The pleasure that I get from Flannery O’Connor is so intimate that it’s difficult to share. I’ve been trying to think of how to get at her, and it just occurred to me that I was reading about Carson McCullers the other day and it turns out that Carson was her middle name, and it was Mary Flannery O’Connor, and it’s June Bailey White, too. It could be that there’s an entire Ph.D. thesis to be done about Southern women writers who are funny and go by their middle names. Also, something that Flannery O’Connor and Eudora Welty had in common was that they lived in the town, in their home states, where the state insane asylum was.
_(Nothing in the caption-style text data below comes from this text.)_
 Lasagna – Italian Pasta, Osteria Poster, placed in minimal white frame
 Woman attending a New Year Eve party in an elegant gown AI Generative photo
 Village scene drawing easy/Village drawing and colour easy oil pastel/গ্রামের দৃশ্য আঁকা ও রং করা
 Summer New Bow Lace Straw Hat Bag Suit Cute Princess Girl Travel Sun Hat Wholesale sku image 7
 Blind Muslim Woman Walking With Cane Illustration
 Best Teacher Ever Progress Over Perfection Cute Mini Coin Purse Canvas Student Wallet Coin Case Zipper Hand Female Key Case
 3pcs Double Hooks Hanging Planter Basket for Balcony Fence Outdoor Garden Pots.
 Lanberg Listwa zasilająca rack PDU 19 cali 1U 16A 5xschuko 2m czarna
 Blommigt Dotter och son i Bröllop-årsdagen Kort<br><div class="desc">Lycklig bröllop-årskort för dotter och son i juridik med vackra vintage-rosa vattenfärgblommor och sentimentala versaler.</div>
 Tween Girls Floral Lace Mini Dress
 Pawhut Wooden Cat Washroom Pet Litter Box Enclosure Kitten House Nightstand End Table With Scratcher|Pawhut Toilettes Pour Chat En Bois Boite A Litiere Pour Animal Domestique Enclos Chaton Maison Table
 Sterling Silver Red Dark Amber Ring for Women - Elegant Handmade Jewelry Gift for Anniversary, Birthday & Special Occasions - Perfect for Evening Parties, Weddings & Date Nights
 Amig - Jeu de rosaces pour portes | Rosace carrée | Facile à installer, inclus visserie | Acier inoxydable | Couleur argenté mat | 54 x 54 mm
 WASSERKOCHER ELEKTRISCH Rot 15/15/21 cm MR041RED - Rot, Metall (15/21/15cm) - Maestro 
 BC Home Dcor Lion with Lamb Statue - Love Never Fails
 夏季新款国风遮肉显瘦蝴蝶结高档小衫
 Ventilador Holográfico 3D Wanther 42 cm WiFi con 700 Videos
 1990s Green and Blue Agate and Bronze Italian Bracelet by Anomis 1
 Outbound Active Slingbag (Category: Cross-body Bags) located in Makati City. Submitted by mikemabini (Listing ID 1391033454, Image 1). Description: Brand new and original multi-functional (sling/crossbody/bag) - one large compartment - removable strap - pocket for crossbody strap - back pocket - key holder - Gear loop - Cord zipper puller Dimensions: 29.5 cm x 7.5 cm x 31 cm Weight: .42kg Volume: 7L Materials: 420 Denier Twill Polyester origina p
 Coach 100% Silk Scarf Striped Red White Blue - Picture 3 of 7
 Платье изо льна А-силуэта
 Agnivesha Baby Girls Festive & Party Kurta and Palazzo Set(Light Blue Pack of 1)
Maybe that’s more to the point than the middle-name thing.

I thought about mentioning Flannery O’Connor’s influence on contemporary art, and of course the thing that sprang to mind was The Sopranos. They stole a wooden leg on the show not long ago—a lot like “Good Country People,” except in Flannery O’Connor stories you’ve got Paulie Walnuts and Ralphie, but you don’t have anybody as nice as Tony. I therefore think that Flannery O’Connor was tougher than the Mafia.

Here’s another way in: by the terms that we rate success in the arts these days—which is to say, how broadly you get your face before the public—Flannery O’Connor’s career peaked when she was five years old. She had a chicken, described as a frizzled chicken, that walked backwards. Word spread, and the Pathé people, makers of movie newsreels, actually came down to Georgia and filmed Flannery O’Connor and her backward-walking chicken. She said that changed her life. And then she went on to peacocks.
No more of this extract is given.